Image version in production is defined in the puppet repo under profile::kubernetes::deployment_server::general:common_images
Daemonset
mw-mcrouter is running as a daemonset, i.e. every k8s node is running an instance of it. This includes the dedicated kubernetes nodes running kask, thus there mw-mcrouter pods with no traffic at all.
Service
mw-mcrouter
is using the mcrouter chart. Notable keys in values.yaml
:
cache:mcrouter:public_service: true
enables mcrouter as a standalone serviceservice:use_node_local_endpoints: true
routes requests to the node-local endpoint of a podcache:mcrouter:service:clusterIP
Static IP (per DC) where the service listens, as defined in Kubernetes/Service_ips- eqiad ClusterIP: 10.64.72.12
- codfw ClusterIP: 10.192.72.12
values-eqiad.yaml
cache:
mcrouter:
service:
clusterIP: 10.64.72.12
enabled: true
route_prefix: eqiad/mw
zone: eqiad
routes:
- route: /eqiad/mw
pool: eqiad-servers
failover_time: 600
- route: /codfw/mw
pool: codfw-servers
failover_time: 600
- route: /eqiad/mw-wan
failover_time: 600
pool: eqiad-servers
replica:
route: /codfw/mw-wan
pool: codfw-servers
Deployment
In the mcrouter chart, in daemonset.yaml, this ds is configured to update one pod at a time.
spec:
updateStrategy:
type: RollingUpdate
rollingUpdate:
maxUnavailable: 1
During an mw-mcrouter deployment:
- Generally, mcrouter's configuration or image are rarely in need for an update
- In case of new image being pulled, deployment may take as long as 15'
- This is due to
maxUnavailable: 1
above
- This is due to
- Alerts for elevated mw-memcached errors
- Alerts for mw-mcrouter helmfile being in a bad state
- All the alerts above will clear
- If deployment is stuck due to eg a node having insufficient resources to host the mcrouter
Testing changes
The safest way to test changes in mcrouter is to switch the mw-debug mediawiki deployment to use the in-pod mcrouter container.
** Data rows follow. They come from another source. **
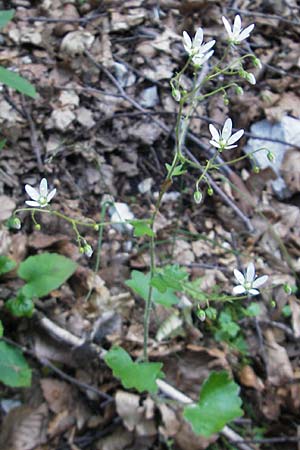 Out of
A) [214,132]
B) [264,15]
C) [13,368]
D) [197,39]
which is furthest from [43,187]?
[264,15]

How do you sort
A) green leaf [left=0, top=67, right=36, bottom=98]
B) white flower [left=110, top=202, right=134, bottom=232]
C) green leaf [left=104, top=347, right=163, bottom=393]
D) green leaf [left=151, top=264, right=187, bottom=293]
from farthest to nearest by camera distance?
white flower [left=110, top=202, right=134, bottom=232] → green leaf [left=0, top=67, right=36, bottom=98] → green leaf [left=104, top=347, right=163, bottom=393] → green leaf [left=151, top=264, right=187, bottom=293]

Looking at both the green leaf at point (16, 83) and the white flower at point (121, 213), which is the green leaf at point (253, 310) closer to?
the white flower at point (121, 213)

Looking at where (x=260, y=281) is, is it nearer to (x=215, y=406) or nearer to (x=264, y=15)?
(x=215, y=406)

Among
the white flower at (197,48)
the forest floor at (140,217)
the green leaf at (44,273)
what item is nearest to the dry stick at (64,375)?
the forest floor at (140,217)

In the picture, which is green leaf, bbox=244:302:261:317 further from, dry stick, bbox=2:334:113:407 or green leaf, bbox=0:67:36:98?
green leaf, bbox=0:67:36:98

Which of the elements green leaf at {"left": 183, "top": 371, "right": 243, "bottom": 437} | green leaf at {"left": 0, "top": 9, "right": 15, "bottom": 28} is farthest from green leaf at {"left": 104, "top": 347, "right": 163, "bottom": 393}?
green leaf at {"left": 0, "top": 9, "right": 15, "bottom": 28}

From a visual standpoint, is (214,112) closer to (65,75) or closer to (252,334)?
(65,75) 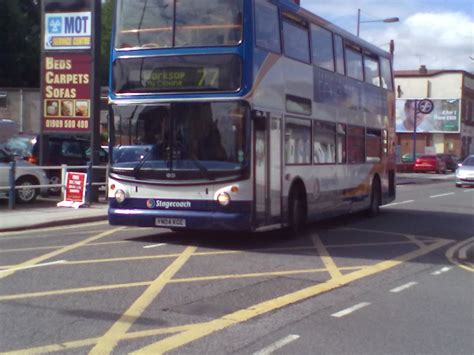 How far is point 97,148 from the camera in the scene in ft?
70.5

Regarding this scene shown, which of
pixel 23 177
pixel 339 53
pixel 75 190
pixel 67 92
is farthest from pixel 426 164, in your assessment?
A: pixel 339 53

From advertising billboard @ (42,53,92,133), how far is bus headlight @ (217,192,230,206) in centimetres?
983

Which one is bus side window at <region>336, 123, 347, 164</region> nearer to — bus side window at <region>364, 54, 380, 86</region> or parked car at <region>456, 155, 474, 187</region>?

This is described in the next section
Switching Mediawiki to in-pod mcrouter container
While it sounds complicated, it is not. To switch mw-debug
in eqiad to use the in-pod container, the following stanza must be added:
mw-debug/values-eqiad.yaml
cache:
mcrouter:
enabled: true
route_prefix: eqiad/mw
zone: eqiad
routes:
- route: /eqiad/mw
pool: eqiad-servers
failover_time: 600
- route: /codfw/mw
pool: codfw-servers
failover_time: 600
- route: /eqiad/mw-wan
pool: eqiad-servers
failover_time: 600
replica:
route: /codfw/mw-wan
pool: codfw-servers
# Wikifunctions routes, omitted in production
# - route: /local/wf
# pool: wf-eqiad
# # No failover for wikifunction
# failover_time: 0
#
# use only if testing new images
# common_images:
# mcrouter:
# mcrouter: mcrouter:2023.07.17.00-1-20240714
# exporter: prometheus-mcrouter-exporter:0.0.1-3-20240714
php:
envvars:
MCROUTER_SERVER: "127.0.0.1:11213"
STATSD_EXPORTER_PROMETHEUS_SERVICE_HOST: false
# MCROUTER_SERVER: "10.64.72.12:4442" # mcrouter-main.mw-mcrouter.svc.cluster.local
Troubleshooting
When dealing with Kubernetes, your answer may be found in Kubernetes kubectl Cheat Sheet
Memcached server is down
That is ok, the gutter pool will pick up its traffic.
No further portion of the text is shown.